The contracting officer's justification must include a description of the agency's needs, a determination that the contract is in the government's best interest, and verification that its costs will be fair and reasonable.
The regulatory change, which was required in the 2010 Defense Authorization bill, could have serious implications for Alaska native corporations, which, along with Indian tribes and Native Hawaiian organizations, are eligible to receive 8(a) contracts of any value. All other 8(a) participants are capped at receiving sole-source contracts of $3.5 million for services and $5.5 million for manufacturing.
Ostensibly, the rule is designed to prevent ANCs from passing most of the work on big-budget contracts through to large subcontractors. While the new provision technically refers to all 8(a) contractors, Obama administration officials concede the rule affects tribes, ANCs and NHOs most directly.

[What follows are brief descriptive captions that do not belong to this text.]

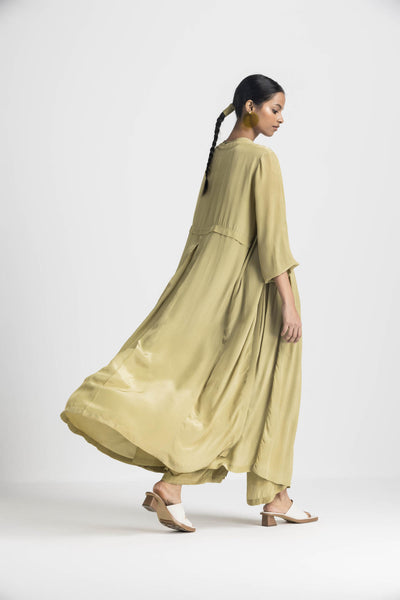 BACK YOKE JACKET CO ORD (SET OF 3) - MOSS GREEN
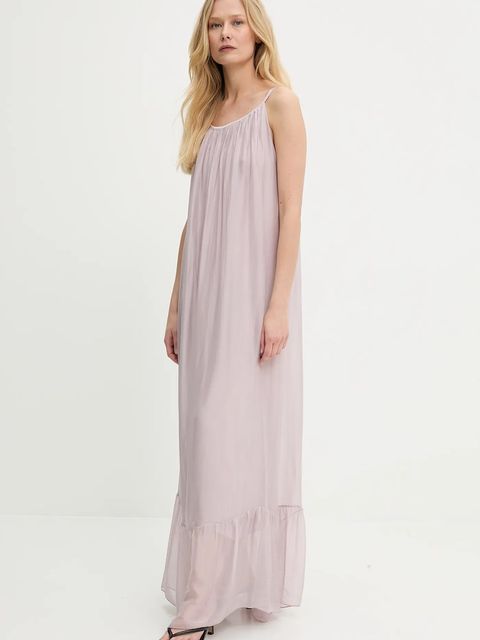 Answear.LAB sukienka z jedwabiem kolor fioletowy maxi rozkloszowana - zdjęcie produktu nr 2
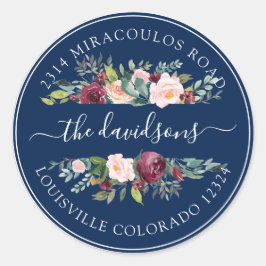 Adesivo Selo de Envelope de Retorno Floral Rosa-Borgonha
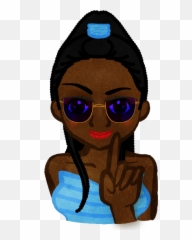 Girl With Sunglass Saying No No No With Index Finger Emoji,Thumbs Up Emoji Brown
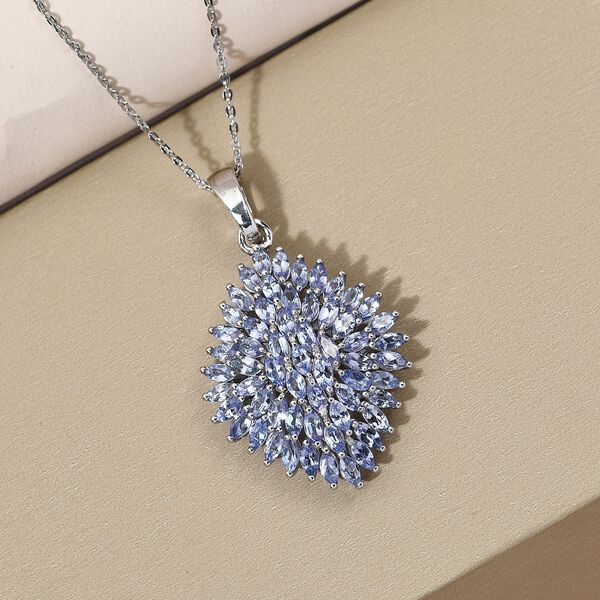 Tansanit-Anhänger mit Kette, 925 Silber platiniert ca. 4.48 ct image number 3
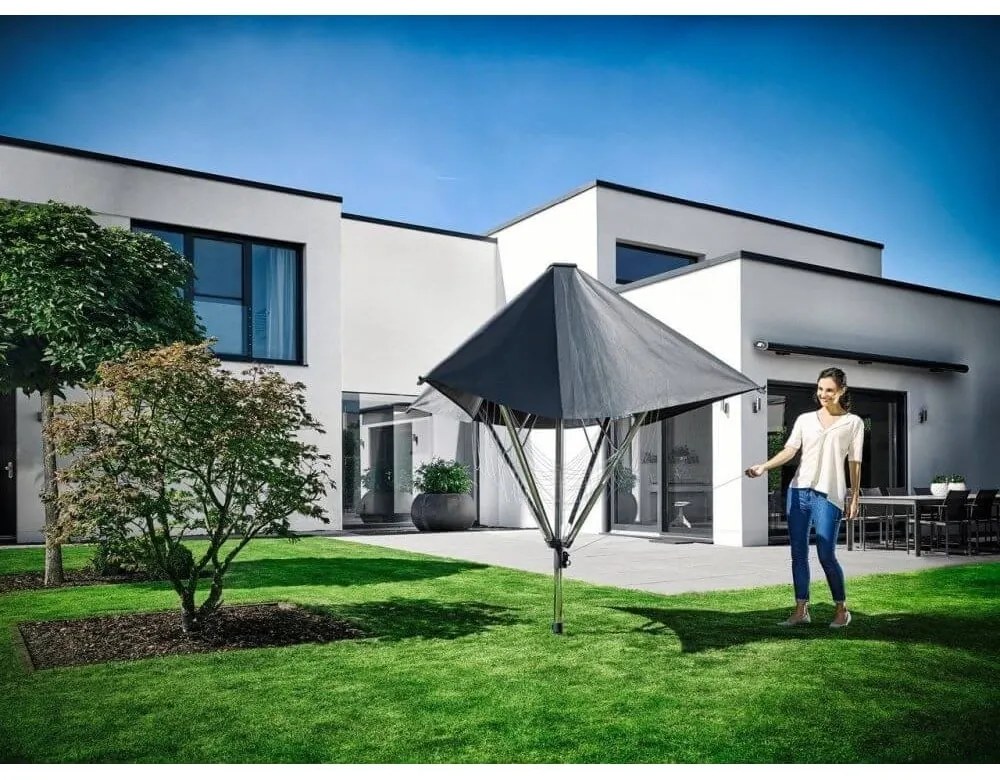 Vonkajší sušiak na bielizeň v striebornej farbe 40 m LinoProtect 400 – LEIFHEIT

Echoing concerns raised by tribal groups in meetings with the FAR Councils last year, the rule change noted the regulation should not be viewed as a ceiling or a cap on the size of sole-source awards. But according to the council, other 8(a) firms are likely to benefit from the change.
"The rule may indirectly benefit the 9,165 currently certified section 8(a) firms by improving their likelihood of a contract award through increased competition," the notice stated.
Separately, the councils also issued new regulatory guidance on the proper use and management of cost-reimbursement, time-and-material, and labor-hour contracts.
Among the most significant changes, contracting officer representatives now must be designated to oversee all contracts and orders other than those that are firm fixed-price. The contracting officer also must determine the continuing adequacy of the vendor's accounting system during the entire period of contract performance. And, each contract file should include documentation indicating why the particular contract type was selected.
The FAR Councils on Wednesday published several other interim rules changes.
One officially establishes parity among each of the small business socioeconomic subcategories. The priority among each of the categories was thrown into turmoil in 2009 when the Government Accountability Office, and, later, the U.S. Court of Federal Claims, determined that a decades-old statute mandated that Historically Underutilized Business Zone contractors were at the top of the procurement pecking order.
The 2010 Small Business Jobs Act re-established parity among small businesses operating in a HUBZone, or owned by an 8(a), service-disabled veteran or women-owned small business contractors;
A second mandates enhanced competition for orders placed under multiple-award contracts, including the General Services Administration's Federal Supply Schedules.
For orders above the simplified acquisition threshold of $150,000, agencies must inform all other qualified vendors of their intentions to issue an award and provide them a fair opportunity to submit offers. When such notice is not provided, the agency must obtain offers by at least three vendors and submit in writing that no other qualified contractors were identified.
The councils are accepting public comments on each of the proposed rule changes through May 16. Comments can be submitted through Regulations.gov, or mailed to the General Services Administration, Regulatory Secretariat; attention Hada Flowers, 1275 First Street N.E., 7th Floor, Washington, D.C., 20417.